AI is significant because it successfully tackles a profound set of technical challenges. Increasingly, human capabilities – understanding, reasoning, planning, communication and perception – can be undertaken by software, at scale and at low cost. General analytical tasks, including finding patterns in data, that have been performed by software for many years can also be performed more effectively using AI.
Together, these capabilities create new opportunities in most business processes and consumer applications.
Since its inception in the 1950s, AI research has focused on five fields of enquiry:
1. Knowledge: The ability to represent knowledge about the world. For software to possess knowledge, it must understand that: certain entities, facts and situations exist in the world; these entities have properties (including relationships to one another); and these entities and properties can be categorised.
2. Reasoning: The ability to solve problems through logical reasoning.
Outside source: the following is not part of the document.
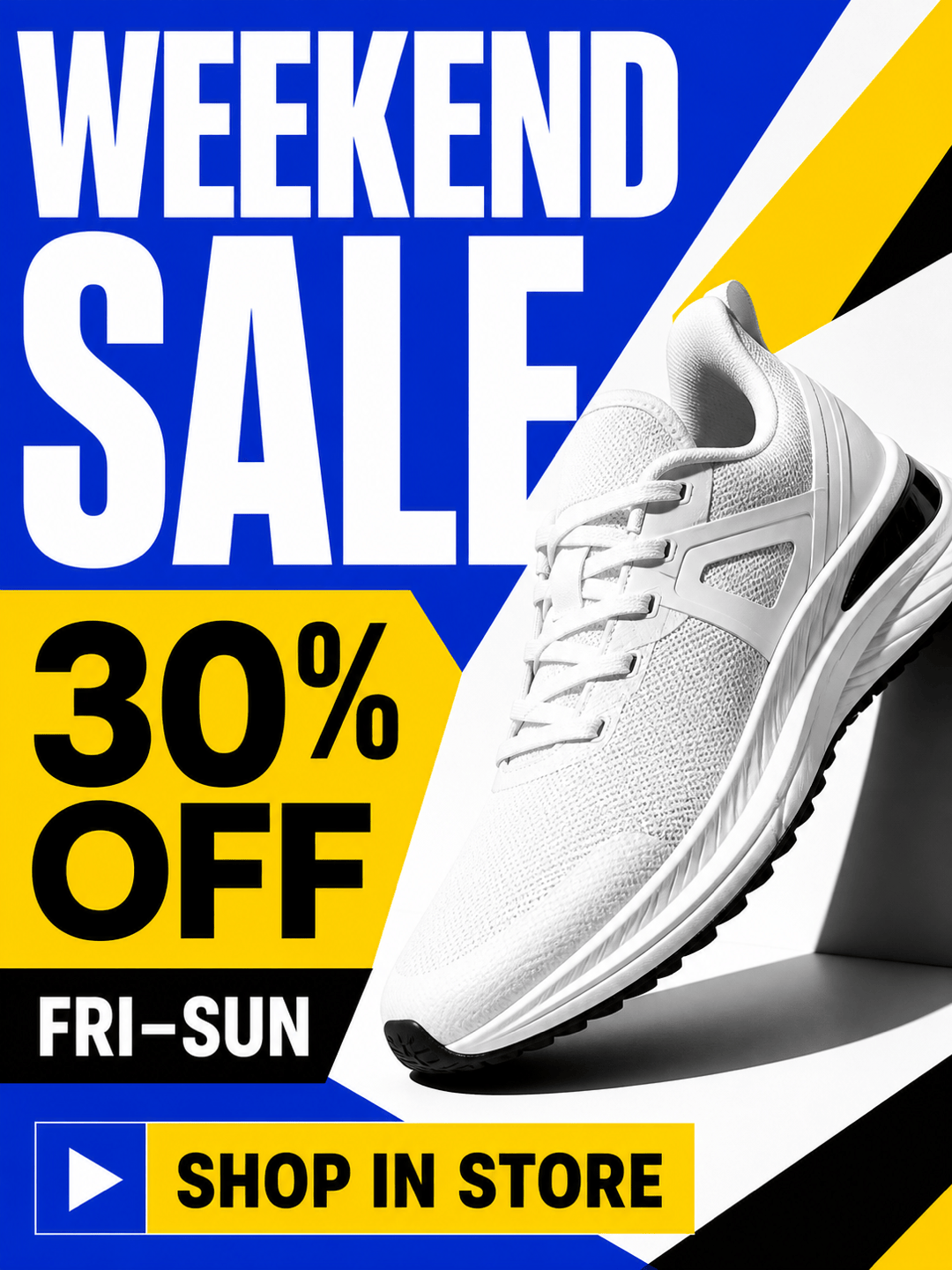 AI sale poster with a bold discount offer and call to action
To reason is to apply logic to derive beliefs, related ideas and conclusions from information. Reasoning may be deductive (derive specific conclusions from general premises believed to be true), inductive (infer general conclusions from specific premises) or abductive (seek the simplest and most likely explanation for an observation).
3. Planning: The ability to set and achieve goals. For software to be able to plan, it must be capable of specifying a future, desirable state of the world and a sequence of actions enabling progress towards it.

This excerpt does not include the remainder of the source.